Basados en una concepción naturalística del acto sexual, se condenarían como
moralmente inadmisibles la contracepción, la esterilización directa, el
autoerotismo, las relaciones prematrimoniales, las relaciones homosexuales, así
como la fecundación artificial. Ahora bien, según el parecer de estos teólogos,
la valoración moralmente negativa de tales actos no consideraría de manera
adecuada el carácter racional y libre del hombre, ni el condicionamiento
cultural de cada norma moral. Ellos dicen que el hombre, como ser racional, no
sólo puede, sino que incluso debe decidir
libremente el sentido de sus comportamientos.

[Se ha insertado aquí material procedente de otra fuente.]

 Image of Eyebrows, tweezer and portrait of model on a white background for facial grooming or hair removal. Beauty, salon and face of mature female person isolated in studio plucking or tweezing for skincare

Este decidir el sentido debería tener en cuenta, obviamente, los
múltiples límites del ser humano, que tiene una condición corpórea e histórica.

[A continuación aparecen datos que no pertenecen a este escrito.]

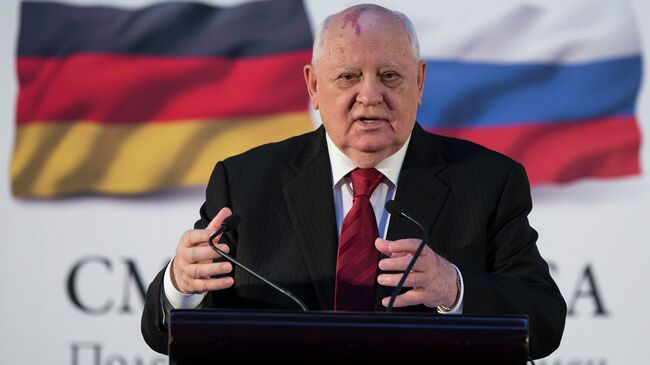 Бывший президент СССР Михаил Горбачев на фоне флагов России и ФРГ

Además, debería considerar los modelos de comportamiento y el significado que
éstos tienen en una cultura determinada. Y, sobre todo, debería respetar el
mandamiento fundamental del amor a Dios y al prójimo. Afirman también que, sin
embargo, Dios ha creado al hombre como ser racionalmente libre; lo ha dejado
«en manos de su propio albedrío» y de él espera una propia y racional formación
de su vida. El amor al prójimo significaría sobre todo o exclusivamente un
respeto a su libre decisión sobre sí mismo. Los mecanismos de los
comportamientos propios del hombre, así como las llamadas inclinaciones naturales, establecerían al máximo —como suele decirse—
una orientación general del comportamiento correcto, pero no podrían determinar
la valoración moral de cada acto humano, tan complejo desde el punto de vista
de las situaciones.
48.
Ante esta interpretación conviene mirar con atención la recta relación que hay
entre libertad y naturaleza humana, y, en concreto, el lugar que tiene el cuerpo humano en las cuestiones de la ley
natural.
Una
libertad que pretenda ser absoluta acaba por tratar el cuerpo humano como un
ser en bruto, desprovisto de significado y de valores morales hasta que ella no
lo revista de su proyecto. Por lo cual, la naturaleza humana y el cuerpo
aparecen como unos presupuestos o
preliminares, materialmente necesarios para la decisión de la libertad,
pero extrínsecos a la persona, al
sujeto y al acto humano. Sus dinamismos no podrían constituir puntos de
referencia para la opción moral, desde el momento que las finalidades de esas
inclinaciones serían sólo bienes
«físicos», llamados por algunos premorales.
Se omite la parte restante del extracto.